US to Resume Its `Rightful' Role in Peace Process

But Mideast players, US still have different agendas

SUNDAY'S Swiss summit between Syrian President Hafez al-Assad and President Clinton will mark an attempt by the US to infuse the Middle East peace process with new vigor.

It also represents a US return to what many American officials consider their rightful role: that of chief mediator between Israel and its adversaries. The Israeli-PLO peace pact that stunned the world last fall was facilitated not by the US but by Norway, in back-channel meetings far from the glare of Washington talks.

Jordan's King Hussein is also scheduled to see President Clinton soon. If these meetings go well, prospects for late-January negotiations between Israeli diplomats and their Syrian, Lebanese, Jordanian, and Palestinian counterparts in the US will surely be enhanced.

``We have structured a sequence of steps this month ... that we hope will energize the peace process,'' said a US official at a background briefing last week.

Success at the Geneva summit between Clinton and President Assad is not necessarily assured. The shrewd and ruthless Assad is very different from the earnest, genial, young US leader.

For Clinton, the meeting may be just one more three-hour chin wag after days of NATO discussions. Assad, on the other hand, at least professes to have high hopes. State-controlled Syrian media have reportedly been placing great emphasis on the chances for progress.

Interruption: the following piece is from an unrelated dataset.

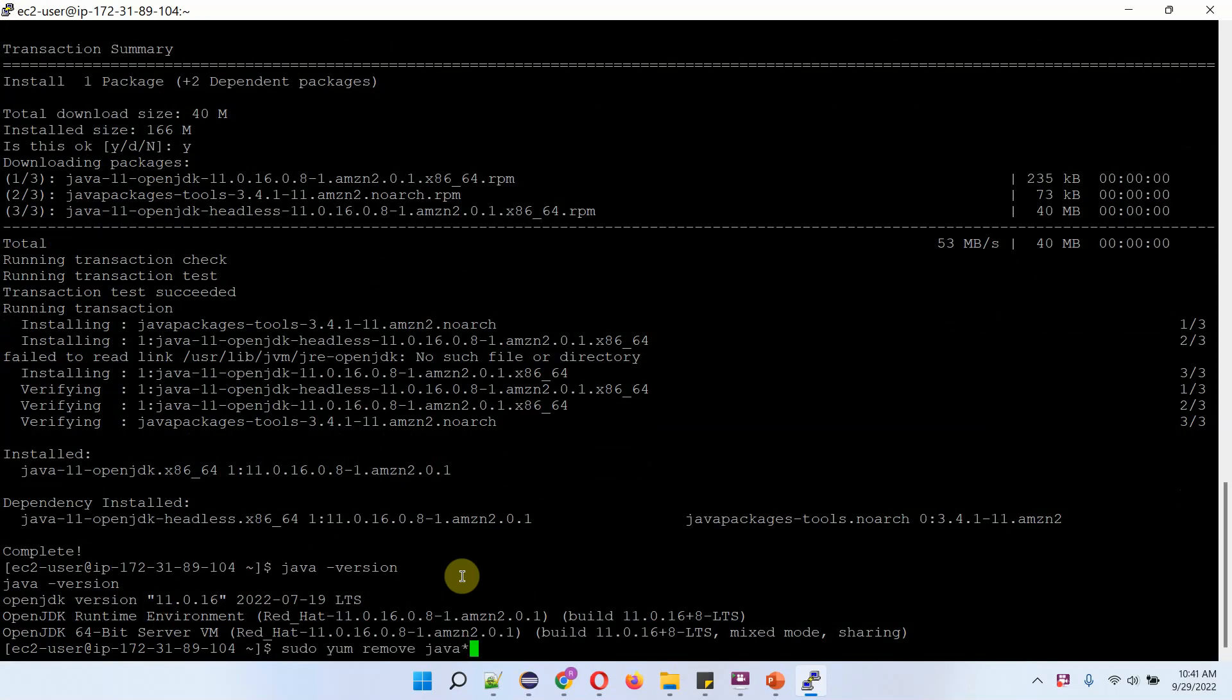To uninstall OpenJDK 11, we have to use sudo yum remove java star.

US leaders tend to want to get down to business in such short, high-level discussions. Assad may want to deliver an 8-hour monologue on all aspects of Middle East politics, followed by a general discussion in which important positions are revealed in subtle ways.

``Assad is very interested in broad strategy,'' says William Quandt, a Brookings Institution Middle East expert who dealt with the Syrian leader as a member of the Carter administration.

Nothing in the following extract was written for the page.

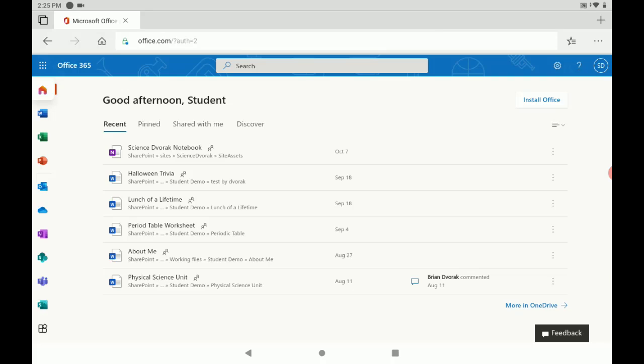Okay, now Office 365 is going to load here for us. Okay, so here we are at Office 365.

The most important item on the agenda will be the deadlock between Syria and Israel over the Golan Heights, which Israel captured in the 1973 war. Israeli officials say they will talk about withdrawal from the Golan when Syria promises peace; Syrian counterparts say they will talk peace when Israel promises withdrawal.

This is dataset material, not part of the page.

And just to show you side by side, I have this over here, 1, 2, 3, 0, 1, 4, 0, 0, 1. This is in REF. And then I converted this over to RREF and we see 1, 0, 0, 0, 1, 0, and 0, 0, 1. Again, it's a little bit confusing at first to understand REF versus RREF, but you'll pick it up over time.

Clinton might be able to mediate this dispute. If he judges that Assad has indicated real willingness to talk about the Golan, he could relay a message to Israeli Prime Minister Yitzhak Rabin that now is the time to make a serious offer.

The timing may be right for Assad to indicate flexibility. His anger over the PLO-Israeli rapprochement may have cooled, especially since Prime Minister Rabin and PLO chief Yasser Arafat are now having difficulty striking an implementation deal.

The PLO deal has already roiled Israeli domestic politics, however. Rabin might say to the US that he cannot also handle the controversy any pact with Assad might engender.

``If Rabin says `keep him on a string,' then the US has a problem figuring out what to do,'' Mr. Quandt says.

Another issue sure to arise in Geneva is that of Syrian support of terrorism. US officials have indicated that although Clinton is meeting with Assad, they do not plan to remove Syria from the official State Department list of nations that sponsor terrorists.

When the Assad summit was announced, the parents of a woman killed in the bombing of Pan Am Flight 103 over Lockerbie, Scotland in 1988 sent the White House a bitter letter, charging that the president was planning to greet a man they held partly responsible for the death of their daughter. Many of the families of Pan Am 103 passengers believe Syrian-based Islamic groups helped carry out the bombing.

US officials hold Libya responsible for the bombing. They say they have no evidence Syria was also involved. Still, they promised the parents in a letter that Syria would stay on the terror list.

``The question of terrorism will be very much on the table in the discussion with President Assad,'' presidential advisor David Gergen said last week.

Washington has already made something of a concession to Syria in recent weeks. The US has allowed Kuwait to give Gulf-war-ally Syria three excess Boeing 727's. Since the planes contain US technology, US law requires that Washington have a say in their transfer.